Beda, Al-Quran sebagai Kitabullah dan Al-Quran sebagai Kalamullah
Guru besar bidang tafsir Al-Quran yang juga ulama terkemuka di Indonesia, KH Nasarudin Umar menjelaskan perbedaan Al-Qur'an sebagai Kitabullah dan Al-Quran sebagai Kalamullah.
Al-Qur'an sebagai kitabullah adalah hudalinnas, warahmah, atau petunjuk bagi umat manusia. Bukan hanya bagi lil mukminin (untuk orang orang berimana) dan muttaqin (orang orang bertakwa) saja, melainkan untuk semua.
Sementara Al-Qur'an sebagai Kalamullah adalah petunjuk bagi orang orang yang bertakwa, orang orang khusus bukan orang orang biasa.
Menurut Kiai Nasaruddin, terjemahan kosa kata bahasa Arab tidak seperti mengartikan kosa kata dalam bahasa Al-Qur'an. Sebab, pada ayat ayat Allah tersebut banyak isi kandungan makna, luas, dan perlu banyak proses untuk mengetahuinya.
"Guru kami dulu di Medcil itu, bahasa inggris bahasa Arabnya fasih sekali, tapi sehabis mengajar ulumul Qur'an makan lalu disudahi dengan minum bir. Pasti yang diajarkan Al-Qur'an sebagai Kitabullah bukan Kalamullah, yang bisa mengakses kalamullah alif laam mim dzaalikal kitabu la roiba fiihi," kata Kiai Nasar.

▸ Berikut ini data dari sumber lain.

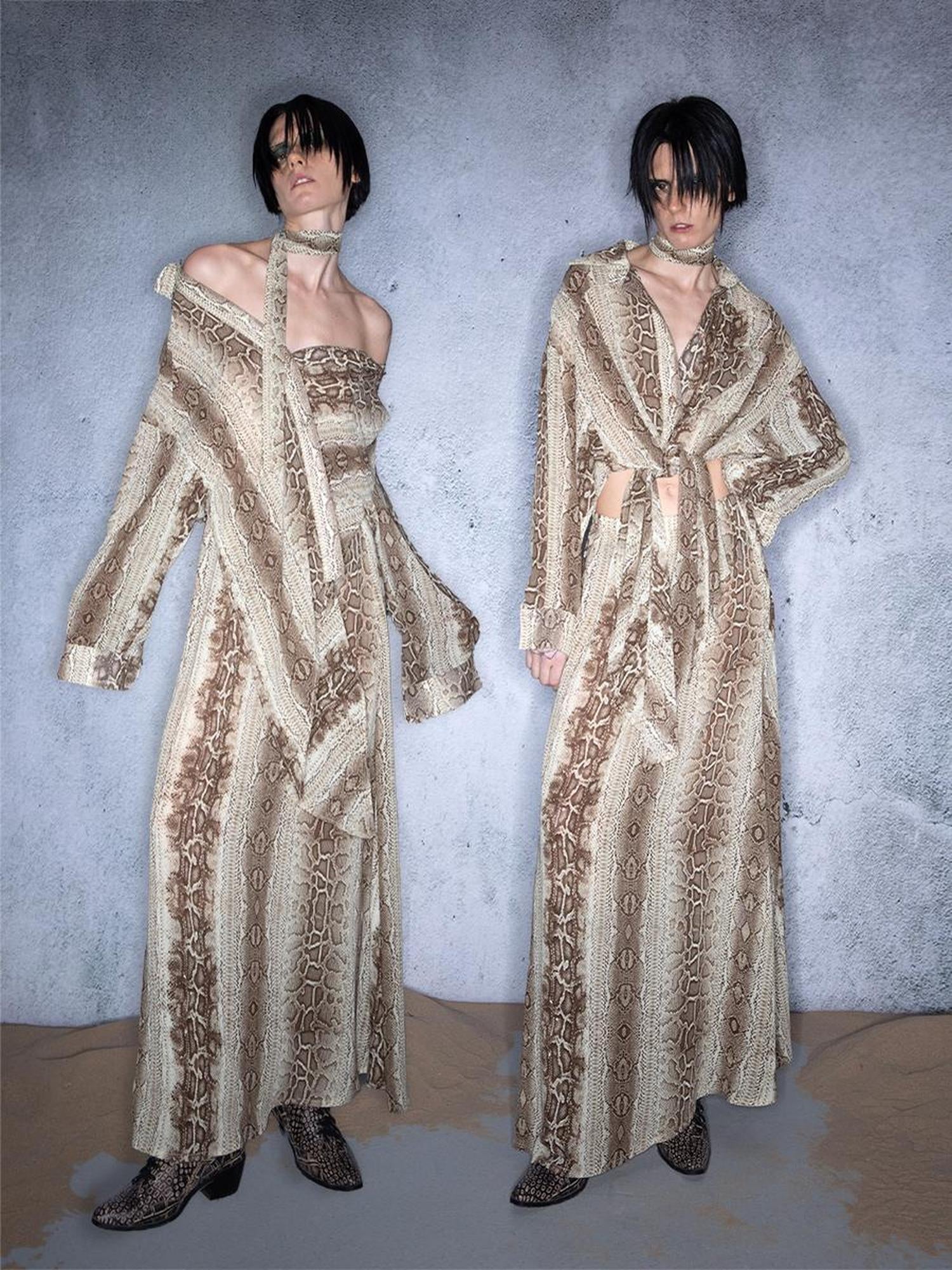 UpdateNN NORTH NODE Snake Print Chiffon Shirt Dress Multi Way Wear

Ia mencontohkan makna dzalikal kitabu pada ayat pertama surat Al-Baqarah, memiliki maksud petunjuk bagi-orang orang yang bertakwa bukan untuk orang-orang biasa. Namun, di Indonesia ayat tersebut diterjemahkan sempit oleh sebagian kalangan.
"Sayang sekali terjemahan bahasa indonesia kita diartikan Qur'an ini, Qur'an di situ tidak mengatakan hadzal kitab la roiba fiihi, dzalikal kitab di sana, jauh sekali dan yang di sana itu kalamullah itu hudallil muttaqin bukan hudallinnaas, hanya orang yang muttaqin yang bisa mengakses dalikal kitab yang bisa kita akses Al-Qur'an sebagai kalamullah hudallinnasi warahmah," katanya.

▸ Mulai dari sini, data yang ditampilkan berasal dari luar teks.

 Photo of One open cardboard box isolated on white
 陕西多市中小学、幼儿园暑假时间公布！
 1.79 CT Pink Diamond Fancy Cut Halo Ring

Untuk itu, ulama sebagai pembimbing masyarakat harus mampu memahmi Al-Qur'an sebagai Kalamullah bukan memahami Al-Qur'an sebagai kitabullah. "La ya massuhu illal muthaharun bukan ilal munatafun," tegasnya.
Nasarudin Umar menjabarkan, ulama besar yang sudah memiliki spiritual yang dalam memiliki guru yang sudah wafat. Menurut dia, santri dikatakan miskin jika hanya memiliki guru seorang manusia yang masih hidup.
Seperti ulama besar umat Islam, Imam Gazali, terdapat banyak Hadits yang ditulisnya pada Kitab Ihya Ulumuddin yang kesemuanya terkonfirmasi kepada Rasulullah SAW secara langsung.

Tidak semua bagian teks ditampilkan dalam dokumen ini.